Le conseil de Dieu n’est pas une fatalité, avons-nous déjà dit. Nous ne pourrions pas maintenir la réalité de notre culpabilité si nous devions interpréter le conseil de Dieu à la façon des déterministes. Selon la Bible, le conseil de Dieu était accompli par la vente de Joseph : cet acte était quand même un péché (Gn 45.8). Les Chaldéens ont péché par leur pillage d’Israël (Ha 2). Pourtant, ils ont été envoyés par Dieu (Ha 1.6). Dieu a décidé la mort du Christ. Cependant, les Juifs sont coupables (Ac 2.23). Dieu veut les choses, mais l’homme les fait. Le conseil de Dieu et notre responsabilité ne s’excluent pas. Au contraire, nous n’aurions pas la possibilité d’agir librement et de façon responsable si Dieu ne nous l’avait pas donnée dans son conseil. Il n’y a pas de sens unique. Nos bonnes œuvres et nos péchés influencent Dieu, comme nos prières. L’Écriture parle du repentir de Dieu. Nous ne devons pas comprendre les choses temporelles comme étant simplement une révélation du décret éternel. Nos décisions temporelles ont vraiment une influence. Cela apparaît très clairement dans la croix du Christ. La croix du Christ ne nous révèle pas une disposition qui existerait en Dieu abstraction faite de la croix. La croix est vraiment la cause de notre réconciliation avec Dieu. Dieu ne serait pas notre Père sans ce fait historique de la mort du Christ.

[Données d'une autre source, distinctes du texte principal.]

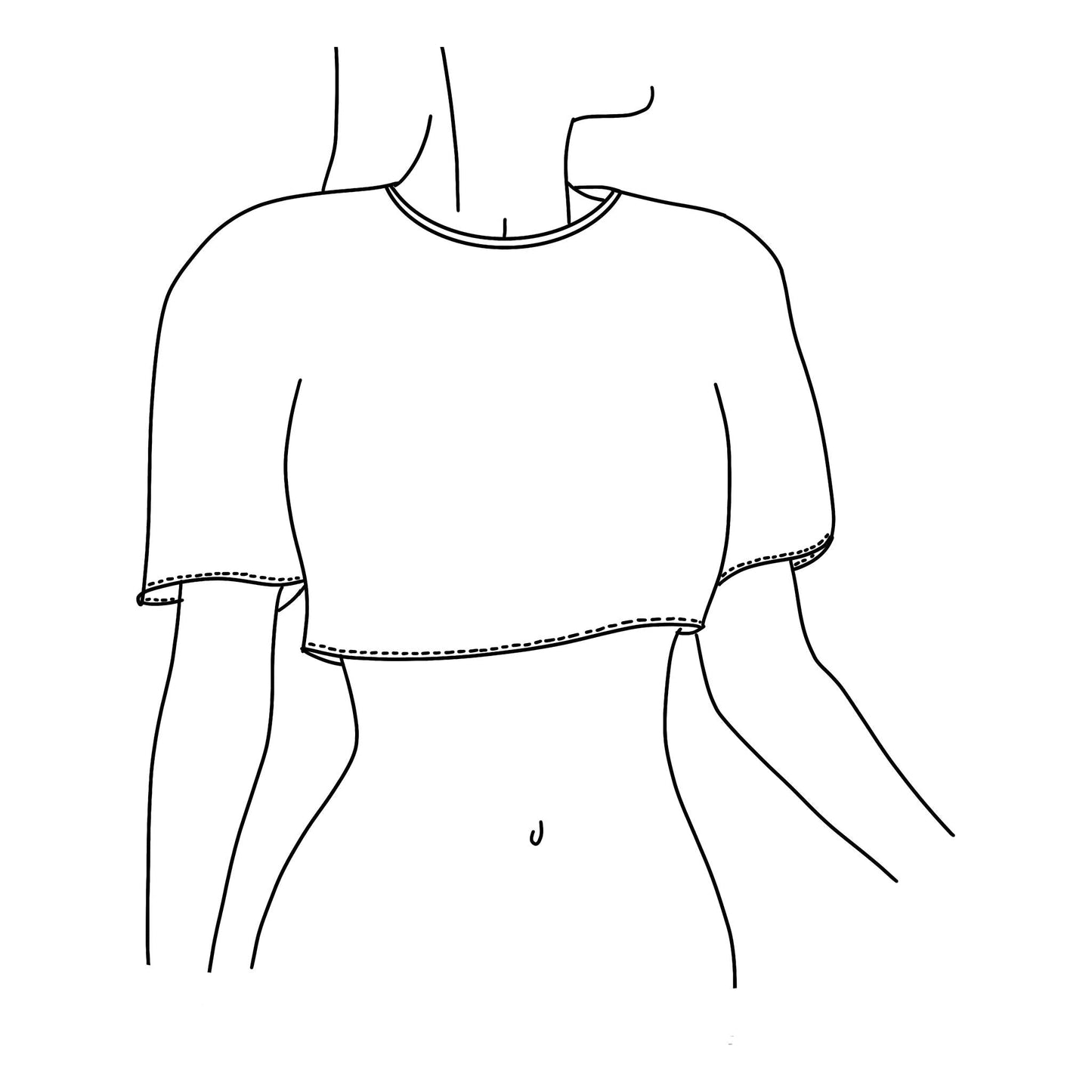 Cerealsly Cute Adult Baggy Crop (FT)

Pourtant, cette relation vivante entre Dieu et sa créature, le fait que le conseil de Dieu est le Dieu vivant et décidant lui-même, n’empêche pas que toutes choses se passent dans le monde selon le conseil de Dieu et que nous pouvons parler (heureusement!) de l’immutabilité du conseil de Dieu. Nos œuvres n’affaiblissent pas la souveraineté de Dieu.
Non seulement la punition, mais aussi la culpabilité a sa place dans le décret de Dieu comme une culpabilité véritable. La cause et les effets, la condition et l’accomplissement, tout le rapport des choses sont établis dans le conseil de Dieu comme ils le sont dans la réalité que nous voyons. Le péché, la culpabilité, la misère, la punition ont dans le conseil de Dieu la même nature et les mêmes relations réciproques qu’ils ont dans la réalité. La relation entre Dieu et le monde est telle que la science et la volonté de Dieu n’anéantissent pas la liberté des créatures, mais elles la créent et la maintiennent.

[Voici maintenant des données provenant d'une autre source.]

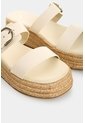 Sandalia Plataforma En Cuero Y Yute Para Mujer Ikal Sandalia Plataforma En Cuero Y Yute Para Mujer Ikal Arena 41 VÉLEZ de Vélez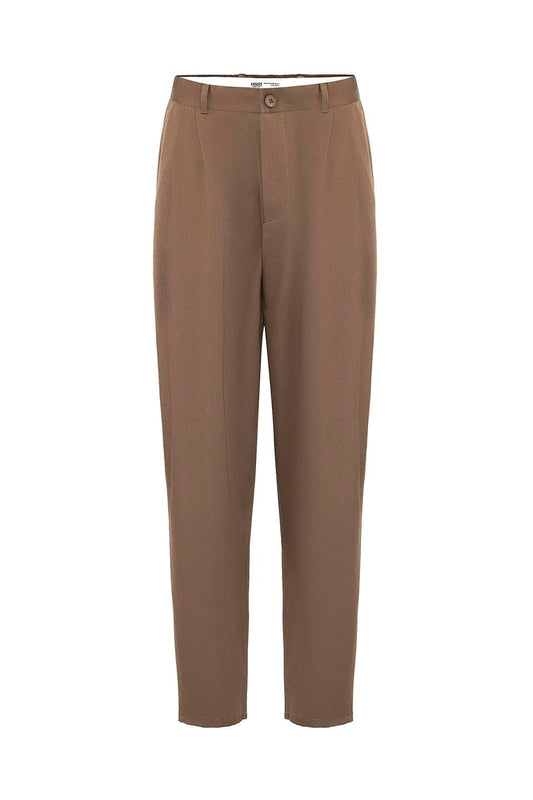 Baggy Fit Pileli Kumaş Pantolon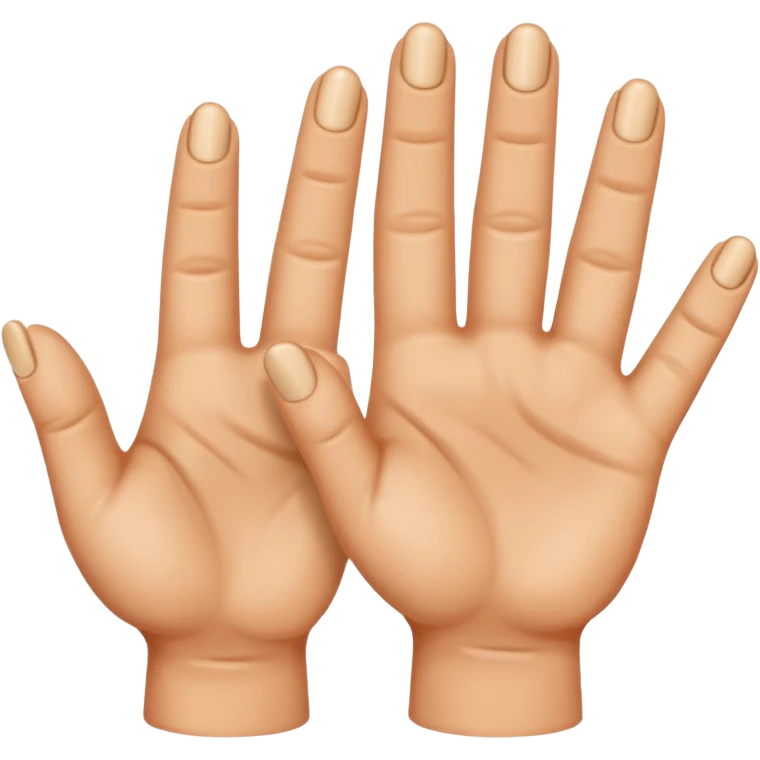 3 parmak işareti emoji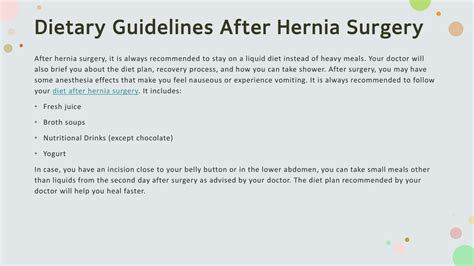 Ppt Eating Healthy After Hernia Surgery Powerpoint Presentation Free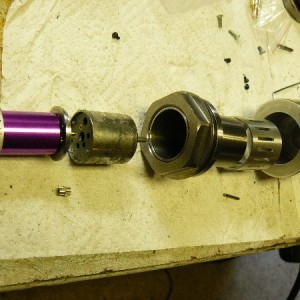 case rupstrekker aandrijfmotor exploded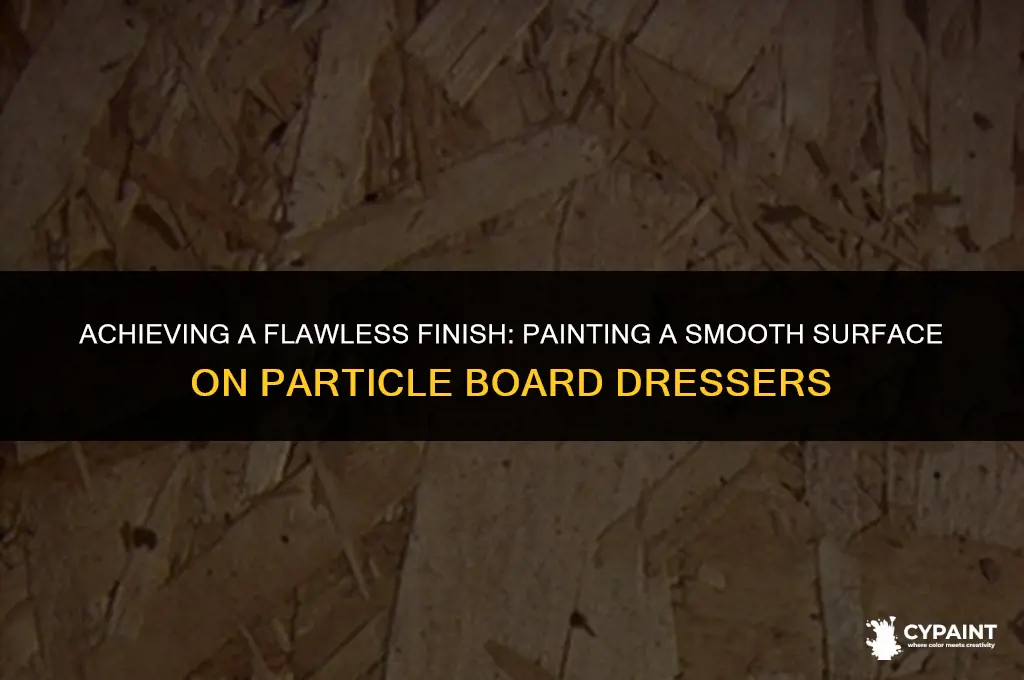 how to paint asmooth swrface on a particle board dresser
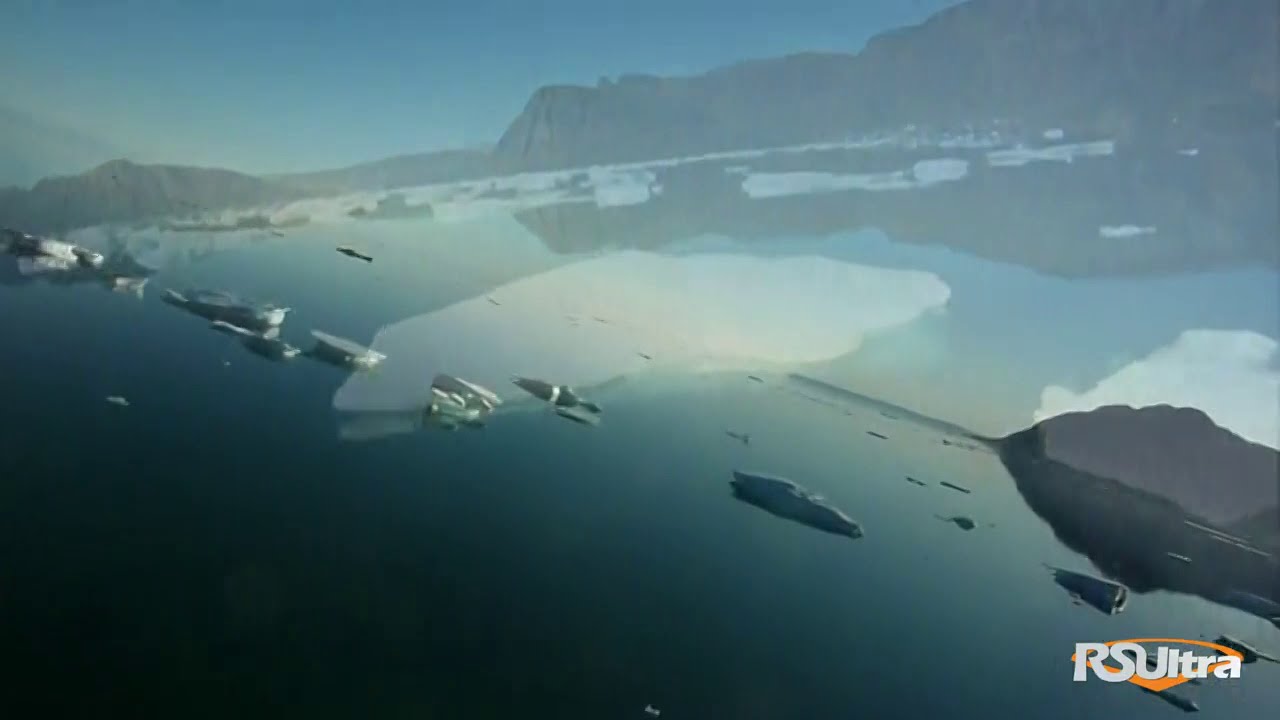 Kangook Paramotor flight in Grise Fjord Nunavut - Canada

Nous distinguons dans le conseil de Dieu le décret général et le décret spécial.
Généralement, on parle à ce propos de providence générale. Notre thème dans ce chapitre est cependant le décret général, nous réserverons un autre chapitre à la providence. Rappelons simplement qu’autrefois la notion de providence était employée au sujet du conseil de Dieu. Actuellement, le terme de providence est réservé pour désigner l’acte de conservation lui-même. Le conseil de Dieu concerne tout ce que Dieu a créé. En parlant du décret spécial à côté du décret général, on entend le décret de Dieu concernant les actes moraux. Le décret spécial a pour objet les actes moraux.
Nous distinguons encore le décret spécial et le décret « specialissimum » ou prédestination.

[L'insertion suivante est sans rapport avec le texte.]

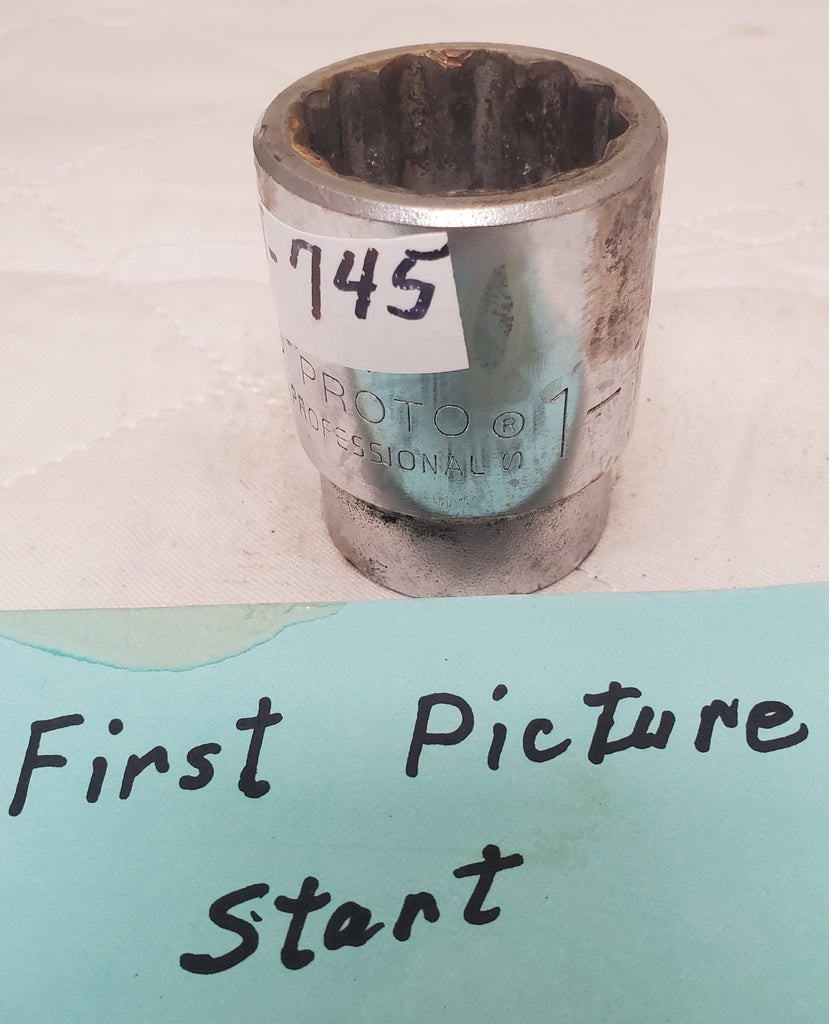 PROTO 5540 USA  1-1/4” Heavy-Duty Socket Tool - LOT 745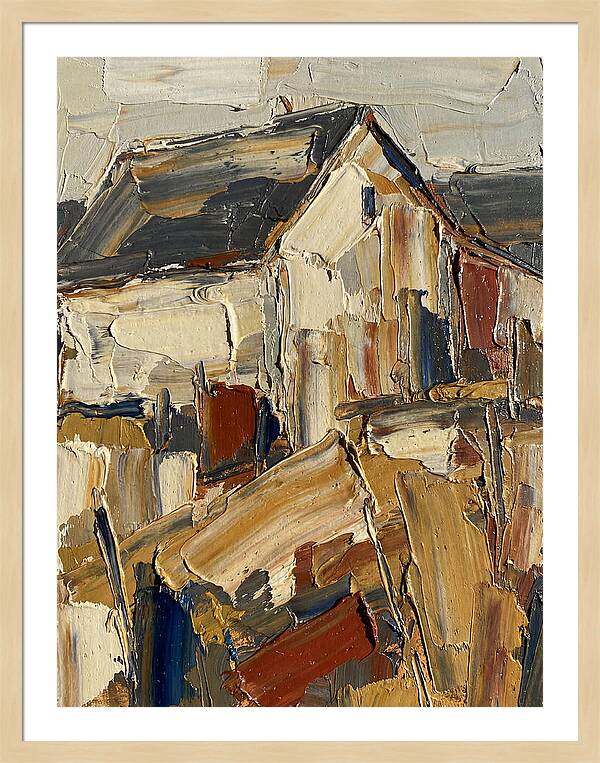 Farmhouse In Palette Knife Style
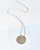 Lagom Helen Necklace Gold detailed view on split background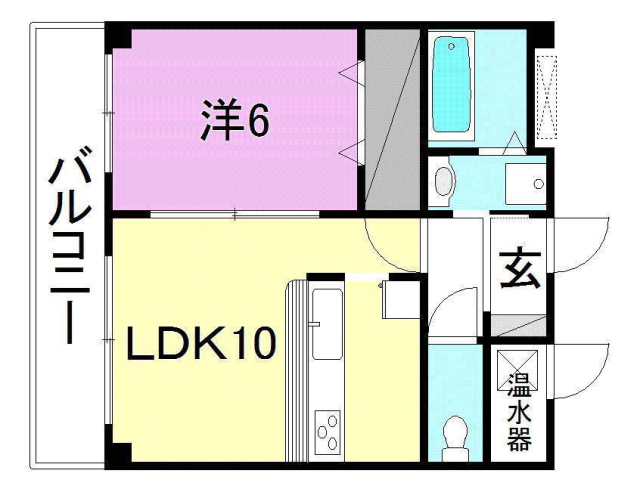 松山市道後町のマンションの間取り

Le décret spécial concerne les actes moraux en général. Le décret « specialissimum » concerne particulièrement le conseil de Dieu touchant l’état éternel des créatures raisonnables et concernant la voie qui les conduit. On distingue l’élection et la réprobation. Ces distinctions ne signifient pas qu’il y a en Dieu trois conseils. Elles désignent seulement les différents objets du conseil de Dieu. Nous faisons ces distinctions pour montrer la richesse du conseil de Dieu.